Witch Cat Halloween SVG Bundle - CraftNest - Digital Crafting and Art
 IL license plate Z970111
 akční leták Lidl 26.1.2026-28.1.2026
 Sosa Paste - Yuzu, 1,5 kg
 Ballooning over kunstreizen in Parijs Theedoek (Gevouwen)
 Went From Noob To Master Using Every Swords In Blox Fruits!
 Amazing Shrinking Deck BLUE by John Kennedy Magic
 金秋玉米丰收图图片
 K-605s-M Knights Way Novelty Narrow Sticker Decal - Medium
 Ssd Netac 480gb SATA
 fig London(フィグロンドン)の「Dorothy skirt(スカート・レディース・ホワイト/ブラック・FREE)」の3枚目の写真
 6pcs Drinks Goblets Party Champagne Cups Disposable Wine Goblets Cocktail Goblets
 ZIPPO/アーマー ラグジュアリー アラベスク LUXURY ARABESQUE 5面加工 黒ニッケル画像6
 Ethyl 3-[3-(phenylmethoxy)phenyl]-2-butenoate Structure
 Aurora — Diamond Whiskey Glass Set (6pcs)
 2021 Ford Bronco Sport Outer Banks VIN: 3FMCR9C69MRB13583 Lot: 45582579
-=-=-
Using the data above, reproduce every line exactly.

*Task response*:
Witch Cat Halloween SVG Bundle - CraftNest - Digital Crafting and Art
 IL license plate Z970111
 akční leták Lidl 26.1.2026-28.1.2026
 Sosa Paste - Yuzu, 1,5 kg
 Ballooning over kunstreizen in Parijs Theedoek (Gevouwen)
 Went From Noob To Master Using Every Swords In Blox Fruits!
 Amazing Shrinking Deck BLUE by John Kennedy Magic
 金秋玉米丰收图图片
 K-605s-M Knights Way Novelty Narrow Sticker Decal - Medium
 Ssd Netac 480gb SATA
 fig London(フィグロンドン)の「Dorothy skirt(スカート・レディース・ホワイト/ブラック・FREE)」の3枚目の写真
 6pcs Drinks Goblets Party Champagne Cups Disposable Wine Goblets Cocktail Goblets
 ZIPPO/アーマー ラグジュアリー アラベスク LUXURY ARABESQUE 5面加工 黒ニッケル画像6
 Ethyl 3-[3-(phenylmethoxy)phenyl]-2-butenoate Structure
 Aurora — Diamond Whiskey Glass Set (6pcs)
 2021 Ford Bronco Sport Outer Banks VIN: 3FMCR9C69MRB13583 Lot: 45582579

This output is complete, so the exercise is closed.